In an aquaculture facility, the researchers observed that in a group of around 200 juveniles, more than 100 fish often surfaced together within a single second to gulp air. In some cases, all 200 fish rose to the surface at the same time. This highly synchronized behavior was repeated approximately every fifteen seconds. When observed individually, however, the fish showed very different intervals between breaths, ranging from about one minute to more than two minutes.

Collective behavior can confuse attacking birds

“Remarkably, the individual juveniles actually differ quite a lot in how long they can hold their breath. But it seems to pay off to swim to the surface together with many others. This way, the juveniles, which are only a few centimeters long, are better protected from birds waiting for them to come up for air,” says Palina Bartashevitch, first author of the study. “In large groups, animals are safer because predators have a harder time targeting single individuals, especially when everything happens very quickly, as it does with Arapaimas. At the same time, the risk of being eaten is spread across all those taking part. If you encounter a predator alone, however, it is clear who will be eaten.”

Synchronization through “breathing groups”

Using computer simulations, the researchers were able to identify how the animals synchronize their different breathing needs. The model suggests that fish surface together with group members that have similar needs for air. This means they have to make fewer compromises than they would if the entire group had to surface together every time. Fish that have just taken a breath sit out the next round.

This form of “cluster synchrony” allows more than 75 percent of the group to take part in many breathing events, without any individual having to wait too long — or having to swim to the dangerous surface too often.

A natural principle for synchronizing diverse robot and drone swarms

The findings do more than shed light on swarm dynamics and animal survival strategies. “Thanks to the generalized modeling approach, this synchronous behavior, shaped by more than 23 million years of evolution, can also be transferred to swarms of robots and drones,” says David Bierbach, who led the study.

“There are different models of drones that fly synchronously or perform a specific behavior together, and the computer models we were able to derive from the study can be used to improve their synchronous performance,” says Bierbach. And one key advantage is that the robots or drones would not all have to be identical. Even heterogeneous groups could still perform highly synchronized movements or actions, much like young Arapaimas surfacing together for air.”

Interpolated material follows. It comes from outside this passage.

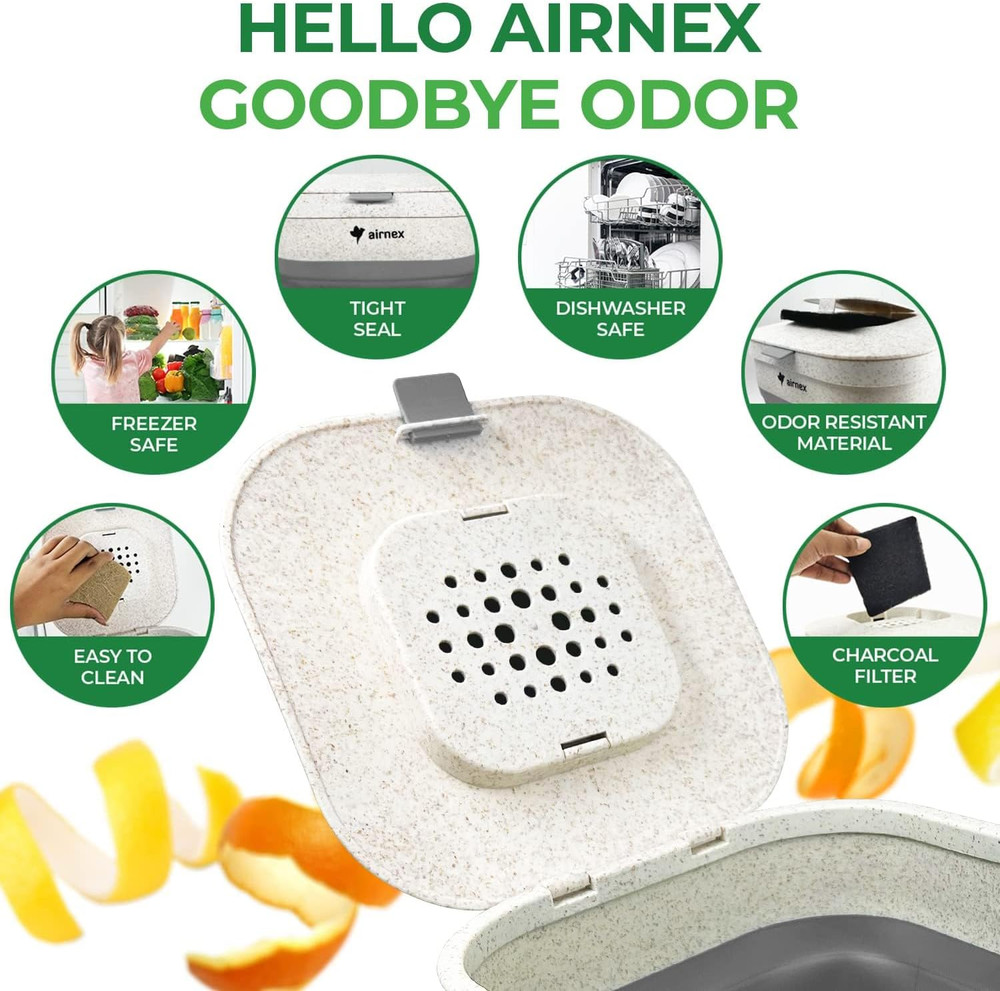 Collapsible Compost Bin Kitchen Counter Caddy - 1 Gallon Countertop Compost Bin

This makes the findings especially relevant for future robotics: if each machine coordinates with others that best match its own needs, mixed groups could achieve highly synchronized behavior with minimal individual compromise, from environmental monitoring and agriculture to microplastics removal and search-and-rescue missions.

At a Glance

• Arapaimas are among the largest freshwater fish in the world, reaching lengths of more than two meters and weights of almost 300 kilograms. In order to survive the oxygen-poor water of the Amazon Basin, they are obligate air-breathers.
• Researchers from the Leibniz Institute of Freshwater Ecology and Inland Fisheries (IGB) in collaboration with the Cluster of Excellence “Science of Intelligence” have described for the very first time that these fish’s juveniles gather by the hundreds to synchronize their breathing trips to the water surface.
• Most likely, this behavior maximizes their survival: By synchronizing their breathing events at the surface, the juveniles are better protected from birds waiting for them to come up for air: the birds just have a harder time targeting single individuals, and the risk of being eaten is split between all the fish.
• The experiment, which was done in an aquaculture tank in Germany, resulted in a computational model that can be applied to building robots or drones acting in synchrony, optimizing their behavior.